Scarmack brings up a good point...RAW + JPG Basic (in Nikon-speak) is handy, especially for the archiving use I mentioned. On some cameras, RAW+ JPEG allows you to set several paramenters....High, Medium, or Low levels of compression, and three different sizes, as well as a color filter effect, like yellow filter efect, and a toning, like cold-tone, warm tone, or netral.
I like the Basic JPEGs for their creation dates.
On "some cameras", the Medium-sized or even Small-size in-cam created JPEG look great if the Tone Curve and Sharpening are set appropriately. In-camera JPEG has come a hell of a long ways, but taking 36 million or 24 million or even 12 million pixels, and then down-sizing that data can allow for a good noise reduction by way of down-rezzing, with in-camera noise reduction that the engineers have tuned for the specific camera.
One thing some people miss: not everybody is a raw-file-conversion savant like Ysarex is...a LOT of people have shall we say, poor to middlin' image processing skills. My D3x in RAW + JPEG Medium, level 7 sharpening, and Auto TOne curve in Matrix metering can create SOOC JPEG images that look as good...or better than, what I could create in 2013 with Lightroom.

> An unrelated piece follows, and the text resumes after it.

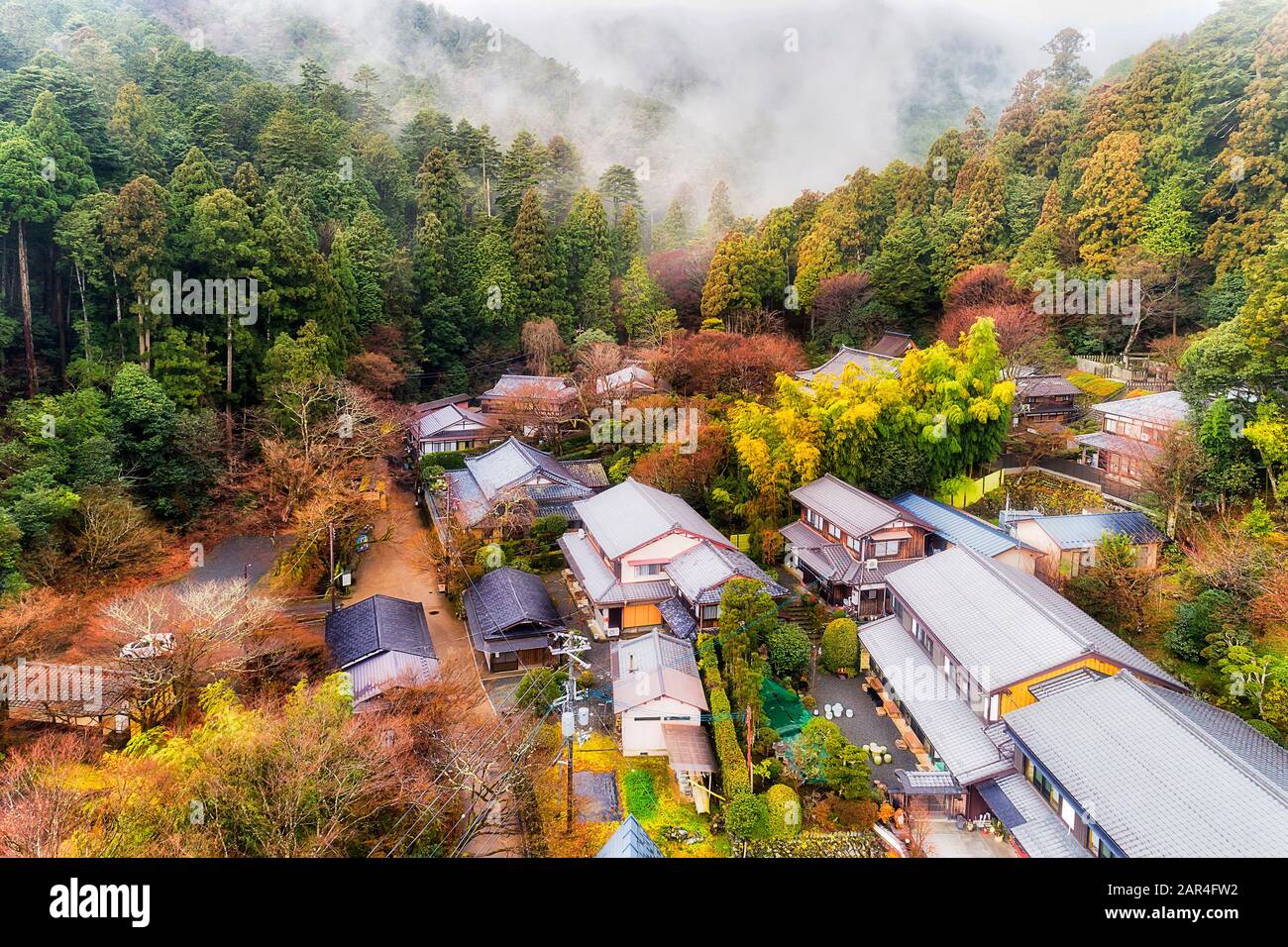 Ancien temple Bhuddiste profond dans la forêt de pins du Japon près de Kyoto - célèbre vallée d'Ohara avec des sources chaudes naturelles et des onsens traditionnels. Banque D'Images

I tried it at some parties and reunions I shot all-ambient light, and two weddings in craptastic light, all-ambient much of the evening...wow! The SOOC images looked...almost exactly like MY Lightroom exports did...
If you are not a particularly software-adept Noise Reduction specialist, your camera might actually be better than you are. ***Modern*** d-slr cameras make far, far different SOOC JPEGS than the older ones do--especially on the newer, vastly better, Sony Exmor-generation 24 and 36 MP sensors. For many people of only modest skill, the Nikon Active Dynamic Lighting on HIGH will create a lower-contrast JPEG that will hold tremendous detail over a wide dynamic range, and then can be adjusted somewhat.
Also...the Picture Control options..those really DO have an impact on the SOOC JPEGs that the camera creates, and there are MASSIVE variations possible. Nikon's Vivid for example...oh The Ghost of Velvia 50... Direct Print...pretty good!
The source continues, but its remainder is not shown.